What to look for in an outsourced CIO provider

Recent years has seen the emergence of the outsourced CIO (OCIO) model, under which a pension plan sponsor delegates or outsources a larger part of their investment management program than was traditionally the case. Some of the big questions that arise under the OCIO model are addressed in a new research piece by Brian Golob (Russell’s Global General Counsel) and Mike Thomas (CIO for the Americas Institutional business.) Specifically, they look at fiduciary duty (how to ensure that plan participants are protected); the OCIO provider’s role (as defined by ERISA sections 3(21) and 3(38)); and evaluation (what to look for in an OCIO provider.)

Fiduciary duty: expertise, alignment, and accountability

For a number of years, Brian has been drilling the basics of fiduciary duty into anyone who will listen. As he puts it, the first principle is the duty of care and ERISA’s “prudent expert” standard: it is a basic requirement whenever any role is delegated or outsourced that the chosen provider should be suitable for that role. The second principle is the duty of loyalty and ERISA’s “exclusive benefit” rule: expertise should be exercised for the benefit of plan participants; interests should be aligned. And, finally, there needs to be accountability: roles must be clearly defined, measurable against relevant objectives, and properly reported.

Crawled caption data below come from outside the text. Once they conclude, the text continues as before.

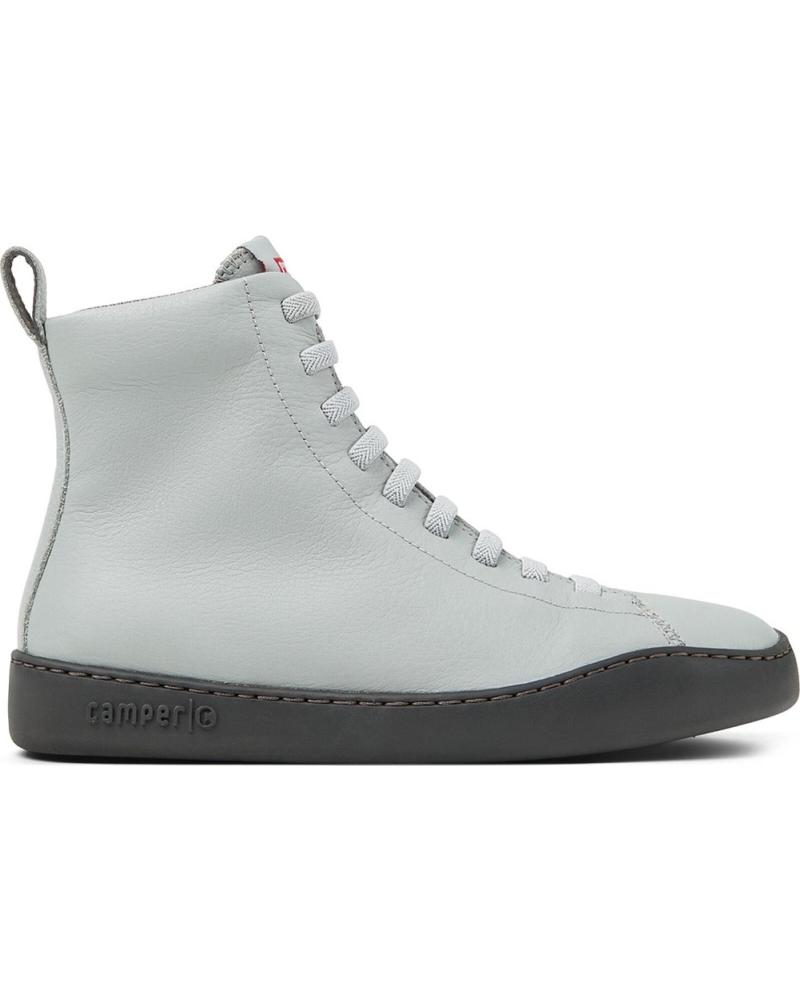 STIVALETTI CAMPER PEU TOURING K400817 GRIGIO 002 GRIS002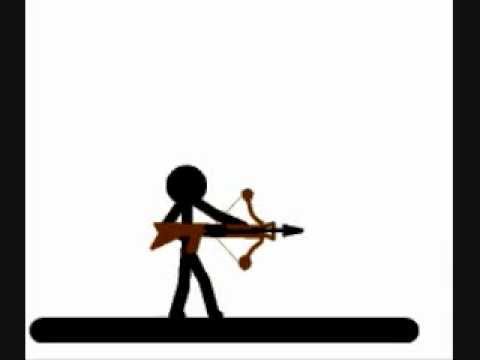 480x360 Pivot Crossbow Test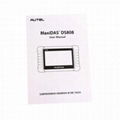 AUTEL MaxiDAS DS808 KIT Tablet Diagnostic Tool Full Set Handheld Touch Screen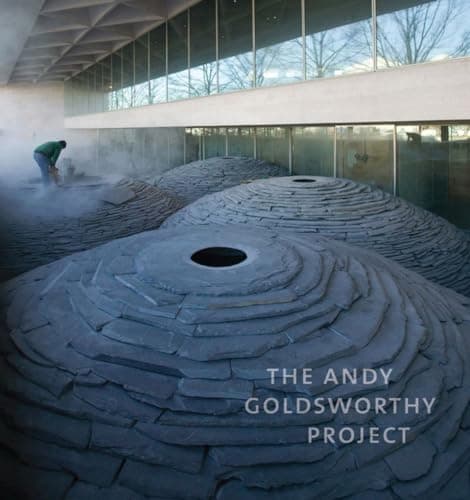 Image of The Andy Goldsworthy Project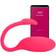 Magic Motion Huevo Vibrador Flamingo Rosa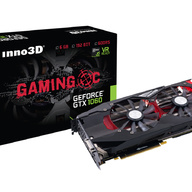 Inno3D GeForce GTX 1060 Gaming OC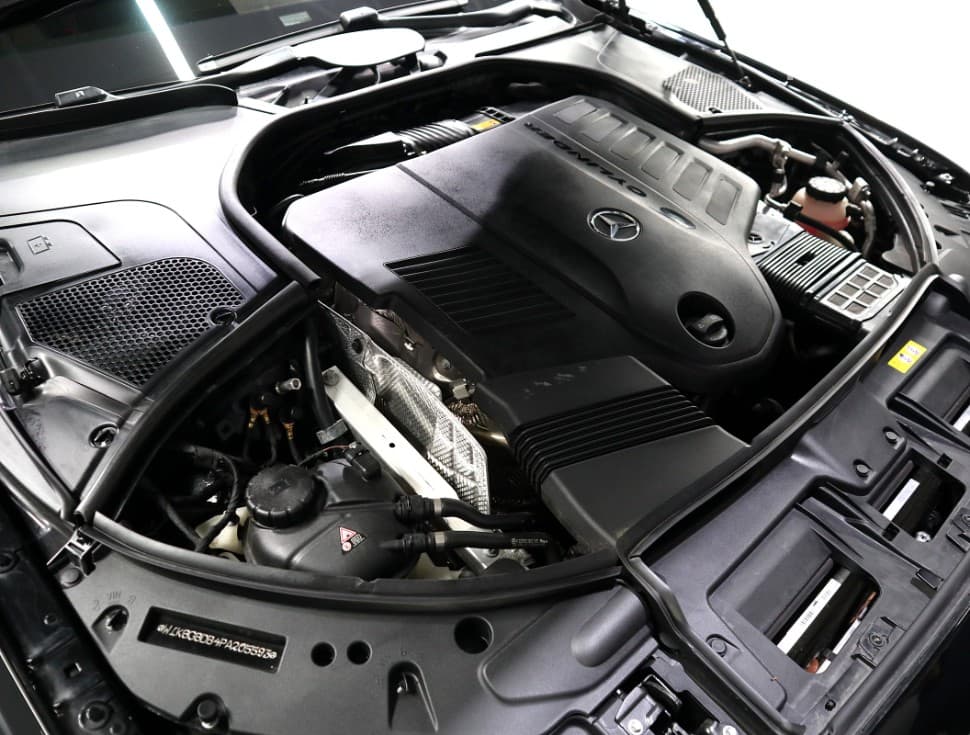 Mercedes-Benz S-Class W223S500L 4Matic Standard - 6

OCIO as both investment advisor and investment manager

In this context, Brian and Mike argue that most OCIO assignments include both advisory and investment management responsibilities. As such, both ERISA’s section 3(21) and section 3(38) are applicable. This can seem odd to those who are accustomed to thinking of investment firms as playing just the single role of either advisor or manager. Under an OCIO assignment with elements of both, it becomes necessary to define clearly who does what. To this end, Brian and Mike provide a “roles and responsibilities worksheet,” which sets out a list of functions under the general categories of plan management, asset management and operations/administration. This allows a fiduciary to define exactly which responsibilities are being delegated under the OCIO arrangement, and which are being retained.

Evaluation of providers

Finally, they offer some thoughts on the selection of an OCIO provider. This begins with the roles and responsibilities worksheet mentioned above: not every outsourcing assignment is the same, so different considerations will come to the fore in the selection process in different cases. With that in mind, Brian and Mike highlight the need for “a culture consistent with that of the plan sponsor, experience with the plan’s specific issues, and resources sufficient for the handling of diverse tasks, which can range from strategic asset allocation to administering monthly benefits payments.”

In an ever-more demanding investing environment, OCIO seems set for continued growth in the coming years. As this happens, and as the concept becomes more familiar to investors, we are likely to see further maturing and evolution within the sector in the next few years.